Not the best thing to tell Emma.

“I think Ari senses you don’t respect her or trust her to make the right decisions. So she automatically chooses the things
she knows you wouldn’t want her to do.”

“What do you suggest?”

She pauses a second. Then: “You might sit her down and tell her you’re ungrounding her because you believe you can trust her
not to behave so irresponsibly in the future.”

As we hang up, a battle is raging inside of me. A war I have a feeling Ari is going to win.

When a person’s phone rings at three in the morning, it can mean any number of things—rarely good. So, when mine rings, yanking
my subconscious from a warm, comforting, passionate Greg-dream, I’m sorely tempted to ignore said ring. Especially when caller
ID won’t reveal the caller.

I really want to bury my head under my pillow and sink back into Greg’s arms. But then I wonder: Do hospitals show up on caller
ID? What if Mom has had a stroke? The thought sends me popping up like a jack-in-the-box. I make a dash for the cordless before
the hospital gives up.

“Hello?”

“Mom?” A young girl’s voice greets me from the other end. Definitely not a hospital. I breathe a sigh of relief, knowing my
own little girl is safely tucked away in her own bed, just down the hall from me, sound asleep.

“I’m sorry,” I say, in my most sympathetic and motherly (because, doesn’t it take a village?) voice. “I think you have the
wrong number, hon.”

“It’s me, Mom.” I hear tears in this child’s voice. And something familiar in the way she sniffles.

Ari?

I never knew it was possible for fear to grip every muscle and tendon of your body in one split second. But that’s what it
does as my mind wraps around the fact that while I’ve been blissfully dreaming of being in Greg’s arms, my daughter has not
been in her bed where I thought she was.

“Where are you?”

A sob bursts from her and she begins to babble, slurring her words and I have not a clue what she’s trying to convey, other
than the fact that she’s apparently hammered and in some sort of trouble.

“Ari! Ari, stop crying and talk to me.”

She’s so hysterical, she’s making me hysterical, and that’s not going to do either of us any good.

“Ms. Everett?”

A male voice. Also familiar.

“Who is this? If you’ve hurt my daughter, I’ll…”

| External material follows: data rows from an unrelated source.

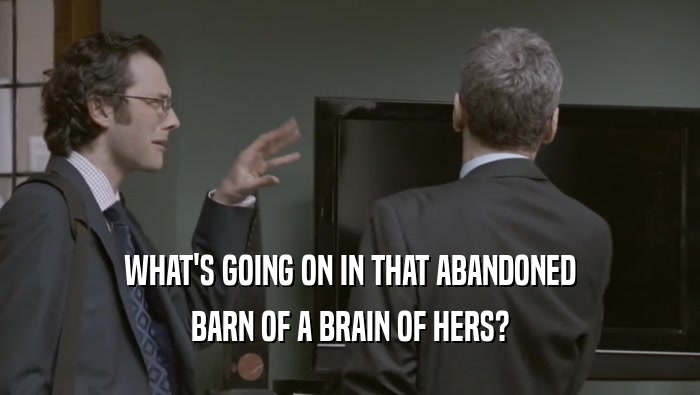 WHAT'S GOING ON IN THAT ABANDONED BARN OF A BRAIN OF HERS? 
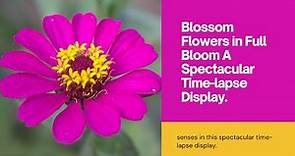 Blossom Flowers in Full Bloom A Spectacular Time-lapse Display.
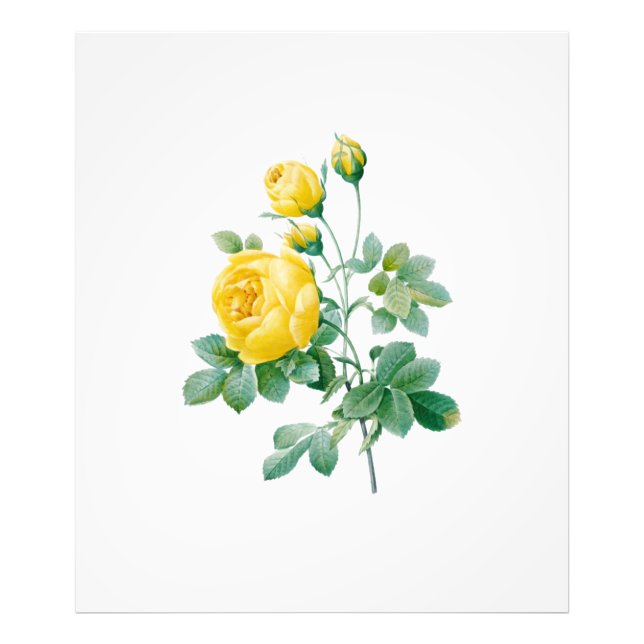Impression Photo Rose jaune vintage (Devant)
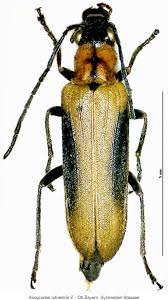 Attēlu rezultāti vaicājumam “Anogcodes melanurus”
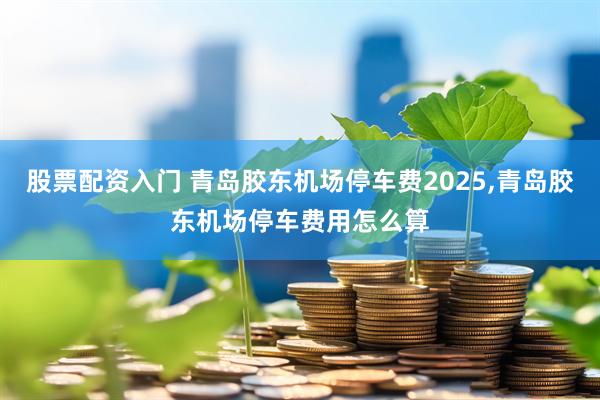 股票配资入门 青岛胶东机场停车费2025,青岛胶东机场停车费用怎么算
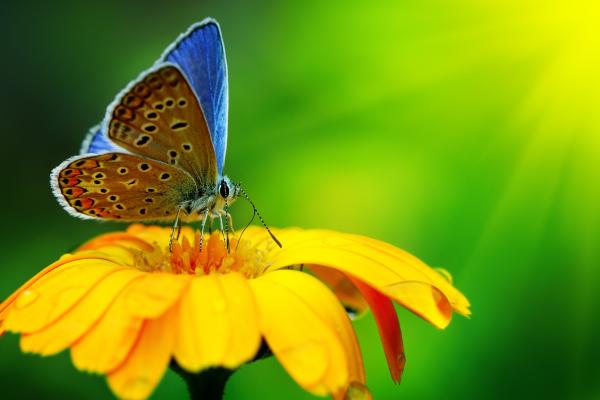 Бабочка, Насекомые, Цветы, Стекло, Природа, Сад, HD, 2K, 4K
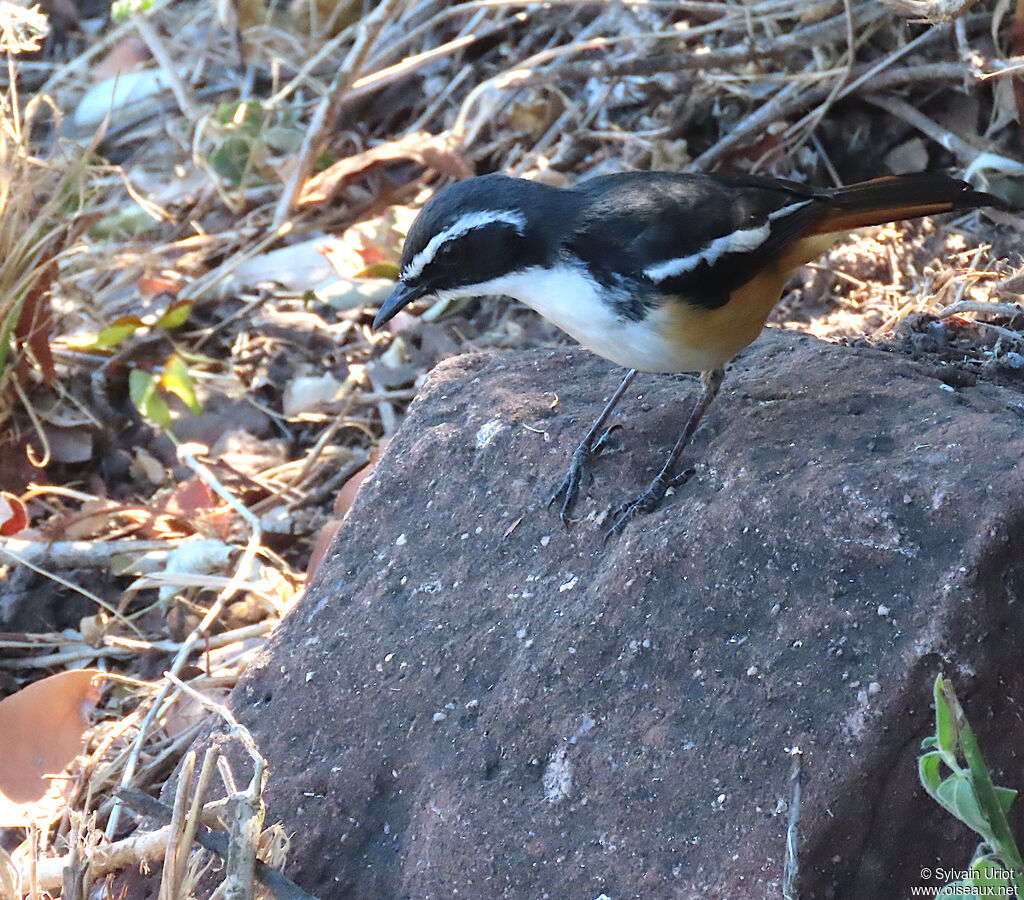 White-throated Robin-Chatadult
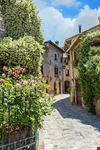 Assisi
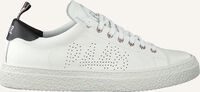 Witte P448 Lage sneakers SHANE MEN - medium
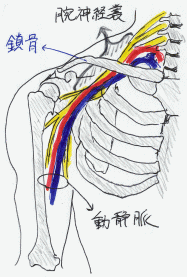 腕神経叢の走行ルートを示したイラスト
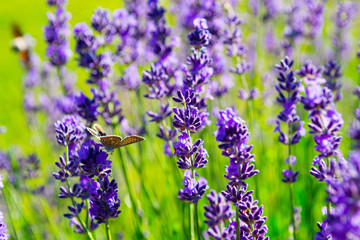 butterfly on purple lavender flowers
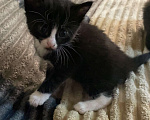 Кошки в Ростове-на-Дону: ✨Отдаю котенка в чистые руки🗿✨ Девочка, 100 руб. - фото 5
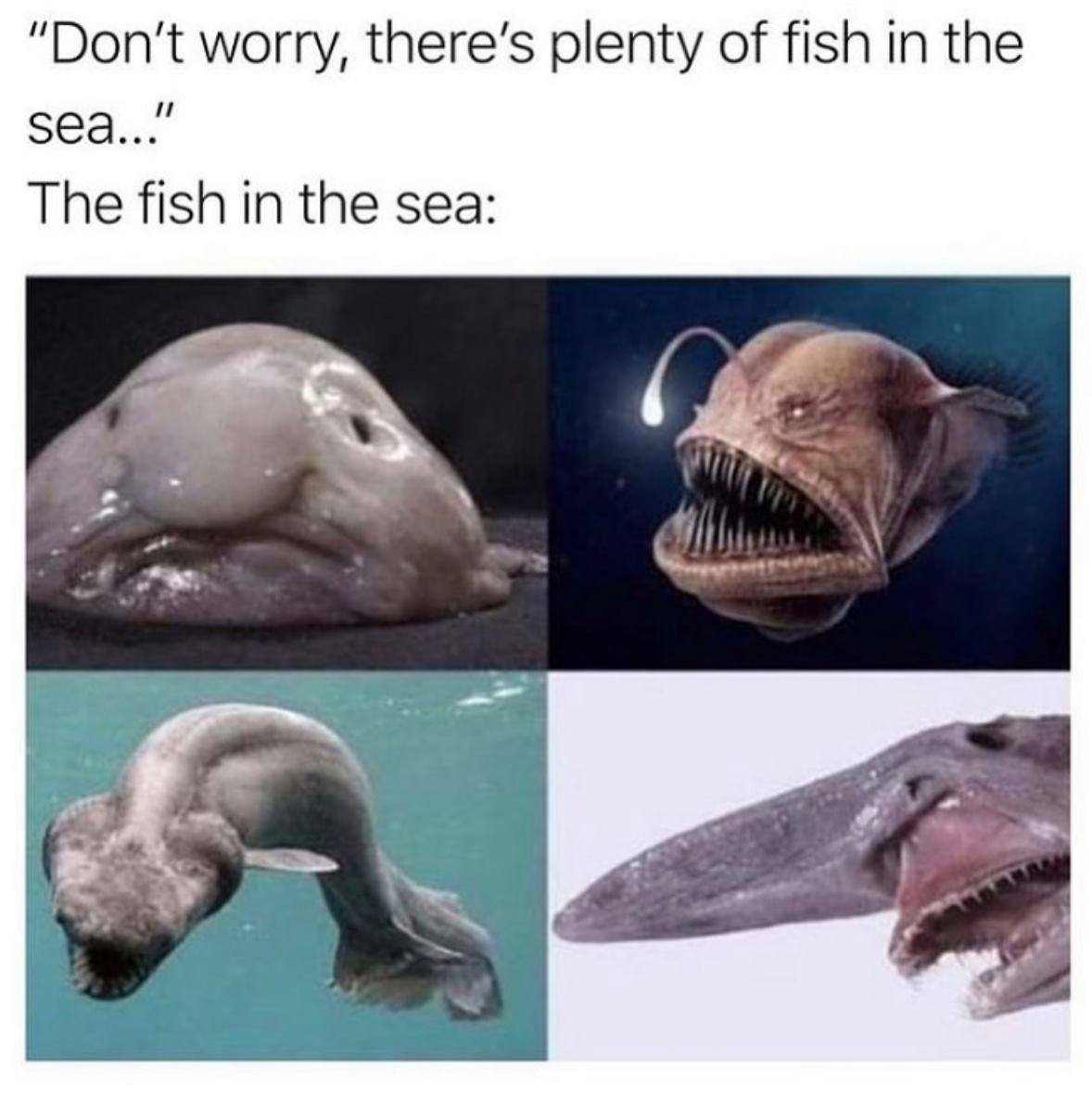 Single Life Memes - other fish in the sea meme -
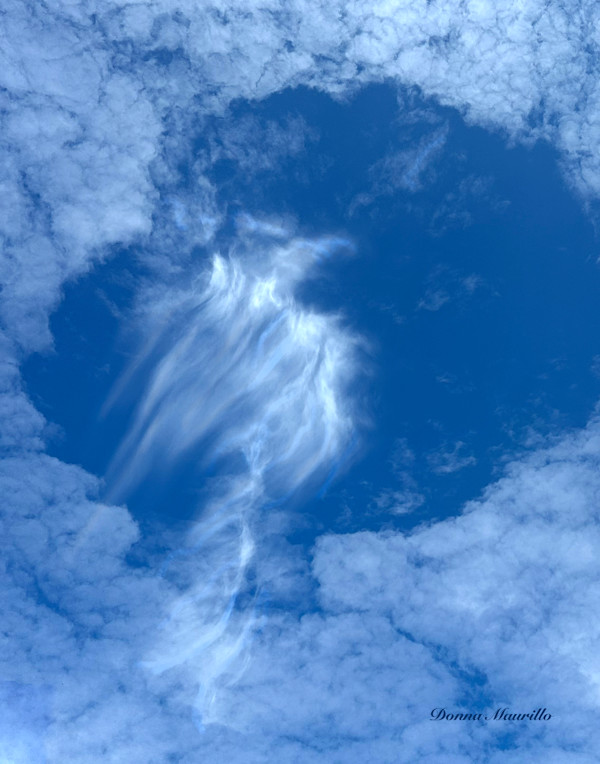 The Spirit Released by Donna R. Maurillo, Image 1.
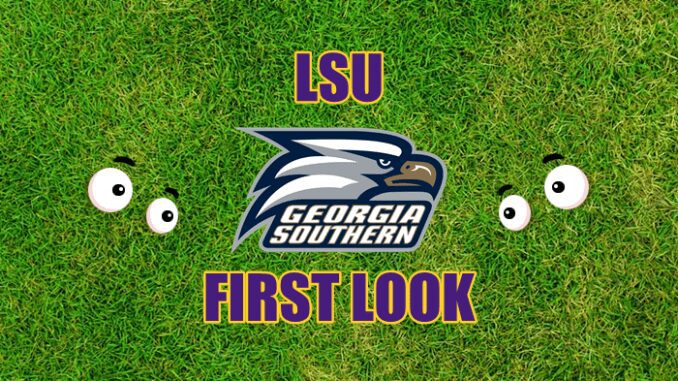 Eyes on Georgia Southern logo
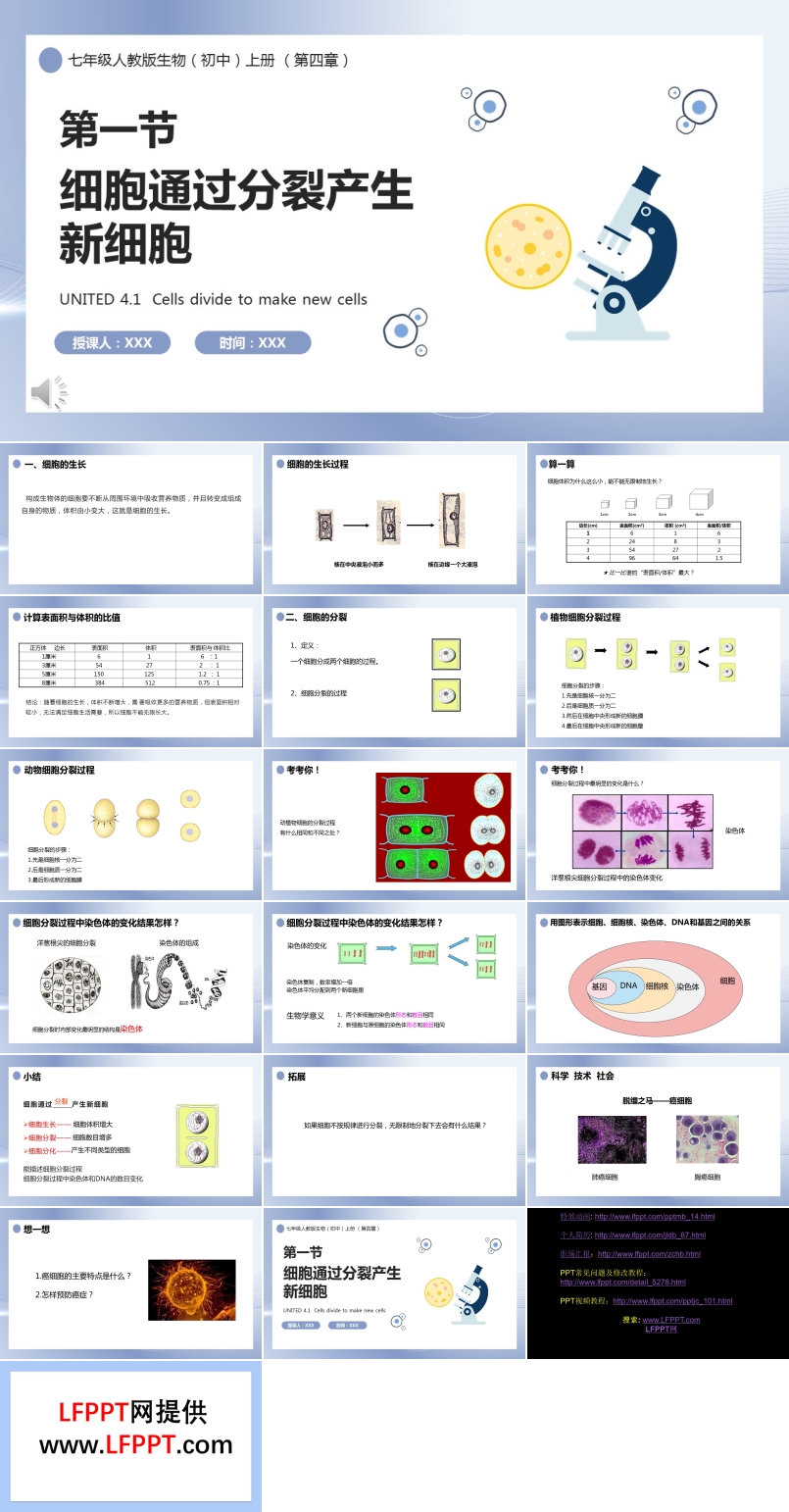 部编版七年级生物上册细胞通过分裂产生新细胞课件PPT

“It’s me, Ms. Everett. Patrick Devine.”

“Paddy? What the heck is going on? Why is my daughter calling me crying in the middle of the night instead of sleeping like
I thought she was?”
And what do you have to do with it, bucko?
But inwardly, I’m relieved to hear she is with Paddy. It doesn’t mean I’m not going to kill them both, but at least I know
she’s safe. “Never mind. Just put her back on the phone.”

“Uh, I can’t.”

“What do you mean you can’t? You’d better do as I say right now.”